Dataset Considerations
The UrbanSound8K dataset has some important characteristics to consider:
Class Imbalance: While relatively balanced, some classes have fewer examples than others. Monitor per-class performance to ensure your model doesn’t overfit to common classes while ignoring rare ones.
Fold Structure: The 10-fold structure groups recordings from the same source together. This prevents train/test leakage where the same environment or recording device appears in both sets. Respect the fold boundaries in your splits.

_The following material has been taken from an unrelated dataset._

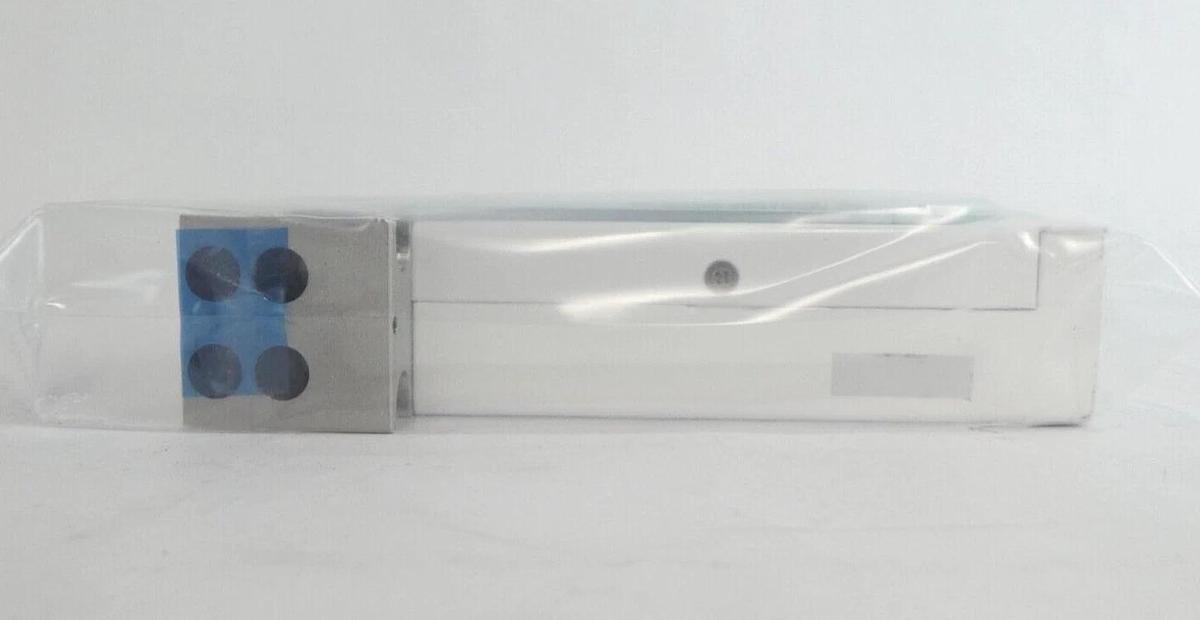 Fujikin FCSP7310DW2-T5-4CC2-FILE/HF-H3D12 Mass Flow Controller MFC New Surplus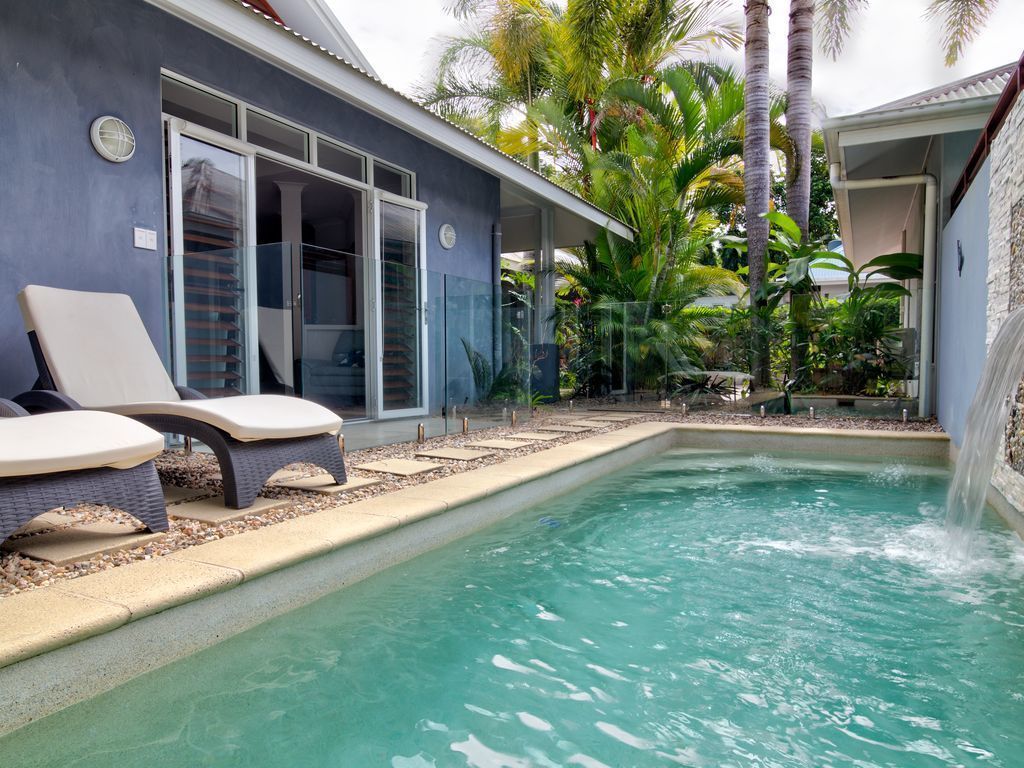 Hanalei Beach House, 3min walk  to Beach, Private Heated Pool!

Audio Quality Variation: Recordings come from diverse sources with different background noise levels, microphone quality, and recording distances. This variability makes the problem realistic but challenging. Your model should be robust to these variations.
Overlapping Sounds: Many clips contain background sounds in addition to the target sound. A dog bark might have traffic noise, or a siren might include ambient city sounds. This reflects real-world conditions and makes pure classification difficult.
Technical Notes
Computational Requirements: Processing raw audio or generating spectrograms can be memory-intensive for large batch sizes. Pre-computing and caching spectrograms as images speeds up training significantly. A typical spectrogram might be 128×128 or 128×256 depending on your STFT parameters.
Sample Rate and Duration: The 4-second duration at 22050 Hz is reasonable for most neural network training. Higher sample rates increase temporal resolution but also computational cost and memory usage. Lower sample rates may lose high-frequency information relevant to distinguishing some sound classes.
Expected Outcomes
Your analysis should identify which sound classes are most difficult to classify and why. Examine confusion between similar classes (e.g., engine idling vs. car horn). Investigate how data augmentation and architectural choices affect generalization. Visualize learned filters or activation maps to understand what acoustic features the network learns.